PETA CREDLIN: From Perth, the Assistant Minister for Defence, Andrew Hastie. Andrew, great to have you on the show.
THE HON. ANDREW HASTIE MP, ASSISTANT MINISTER FOR DEFENCE: Good evening, Peta.
CREDLIN: Setting aside the hypocrisy of Anthony Albanese standing up for Australia's fossil fuel industry – I mean, it wasn't so long ago, these guys were hitting the same industry with a mining super profits tax – what happened to the proud tradition of a bit of bipartisanship on foreign affairs?
HASTIE: Peta, it's very clear. The Australian people have a clear choice: you've got the Prime Minister who's standing up for our values and our sovereignty, and you've got an Anthony Albanese who is trying to score cheap political points by taking potshots at the Prime Minister. That speech was a dog's breakfast, and he is breaking five or six years of bipartisanship on some of these key issues. Last year, the Chinese Embassy briefed out 14 demands. It was a list of demands expressing their displeasure with Australia. And the question, we all have for Mr. Albanese – of those 14 demands, how are you changing your position to ours? because the Australian people deserve to know. In fact, the legislative measures on that list of 14 demands were passed with bipartisan support, and I know because I was the chair of the Parliamentary Joint Committee on Intelligence and Security for four years. I worked closely with Anthony Byrne, Mark Dreyfus, Penny Wong, Kristina Keneally – and now you've got Albo attacking us for the very things that we did on a bipartisan basis. So, he is a risk of national security, and he's not standing up for our country at all.
CREDLIN: I want to ask you, going back to your time chairing that committee, but obviously, in your new role – a real concern is about cyber security. We've seen instances in the US, we've seen obviously now, on our own shore. We know the AFP are continuing their investigation into this massive Russian-based cyber attack on one of Australia's largest meat processers, ransomware we’re told, the attack was on JBS. It's also affected operations of the company in the United States and Canada. we could have price hikes as a result. What can you tell us about how significant this attack has been? And what's going on in terms of government support to private companies like this that are on the front line?
HASTIE: Peta, it is a very significant cyber attack because, potentially, it could compromise food security. Hitting JBS – one of the world's biggest meat processors – is a significant thing, but we're going to see more of this. We've been seeing a lot of it already. Last year, for example, the Australian Cyber Security Centre in Canberra – which is the government first responder to cyber attacks – fielded 60,000 cyber crime incidents last year. That's one every 10 minutes. And Australians need to start realising that we can no longer think of cyber security in personal terms – you know, in the context of our phones, our own iPads, our own laptops. We've got to start thinking about our digital sovereignty as a country, because an attack on a single Australian business can have devastating impacts. So, there are some basic things that we can all do and I'm trying to educate as many Australians as possible about these things; things like using complex passphrases; update your security patches for your phone, and your tablet, and your laptop; back up your data; use multi-factor authentication, which is just simply giving two pieces of evidence before you can access your online bank account or your email. Because if we all lift our security together as a country, our country gets more secure – and these threats aren't going to abate anytime soon. In fact, the Defence Strategic Update released last year says it's only going to get worse and so we need to prepare for the challenges ahead.

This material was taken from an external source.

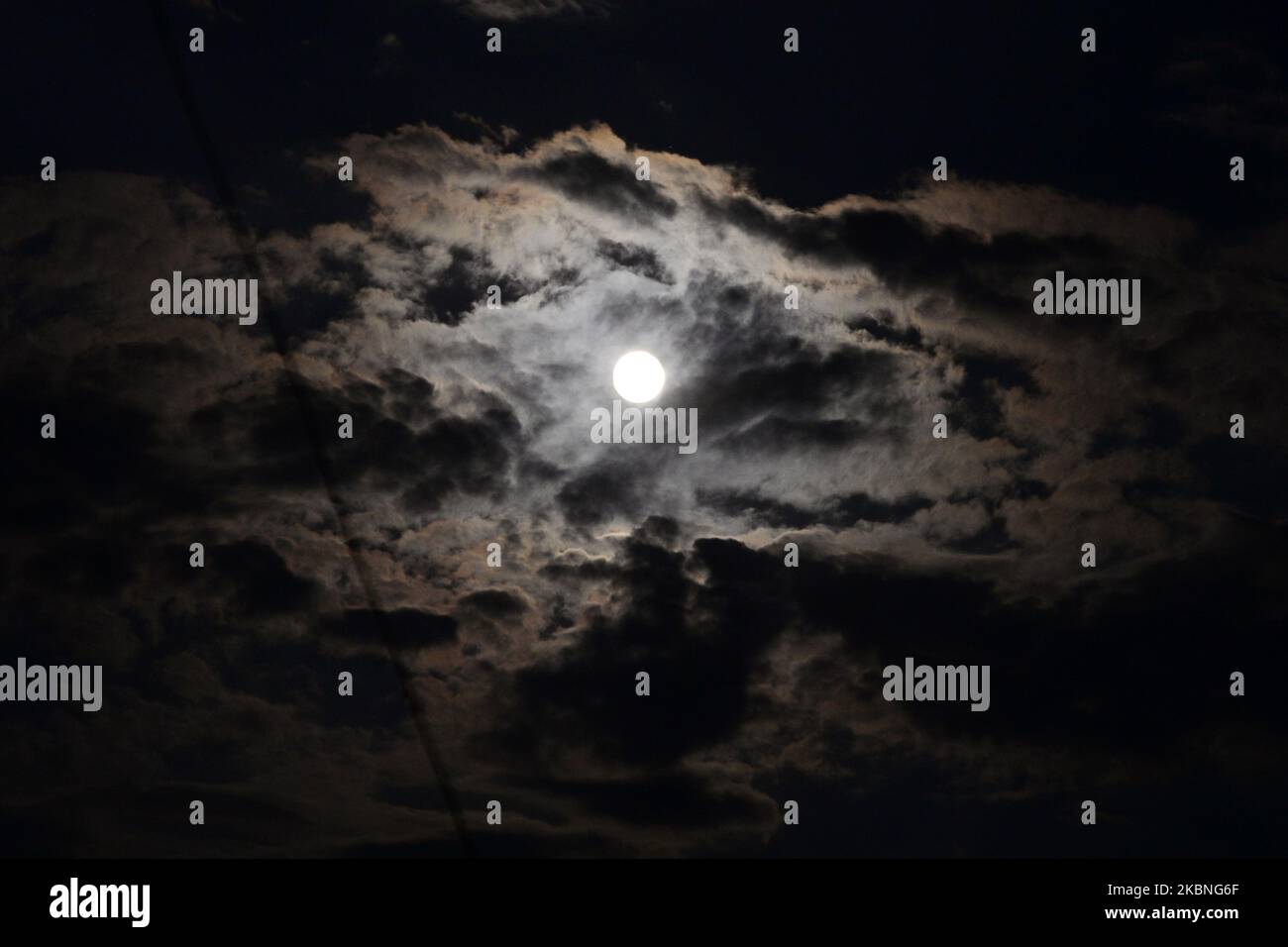 Vollmond ist am 09. Mai 2020 am Himmel über der Stadt Dhaka in Bangladesch zu sehen. (Foto von Mamunur Rashid/NurPhoto) Stockfoto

CREDLIN: Pretty lucky we didn't invite Huawei to set up our NBN there in the end. Well done to you in the role you had at the time. Tell me about this, this Brisbane defence conference. Eight protesters were arrested earlier in the week, massive disruption to the conference. They were anti-war demonstrators I’m told, caused havoc at the conference, which was the Land Forces Expo, allegedly smearing fake blood on the steps of the Brisbane Exhibition and Convention Centre and they climbed on top of a tank. Pretty ugly display, Andrew?
HASTIE: Very ugly display. We saw Australian Defence Force personnel in uniform harassed and we saw defence industry people harassed. It was a disgrace. It evoked images of the way our diggers were treated after, or during, the Vietnam War. Look, we're a country that is democratic, and we should always value minority voices including protesters, but these people have no respect. They were a disgrace, they were ratbags. We have a really good story to tell with the defence industry which is the point of the whole Expo. This government is investing $270 billion over the next decade to build a sovereign defence industry which will be critical to our sovereignty as a country, and it was an opportunity for Australian defence businesses and our regional partners to showcase what they are doing and so this was a very unwelcome distraction.
CREDLIN: I tell you what, it's an uncertain time with COVID, but it's an uncertain time in and around our region. I know I speak for a lot of my viewers when I say we're very happy to have you in this defence role. We're very happy that you report to Minister Peter Dutton. Andrew Hastie, thanks for your time.
HASTIE: Peta, thank you very much – and hang in there down in Victoria. Same to you, mum and dad.
CREDLIN: We will. We're doing our best.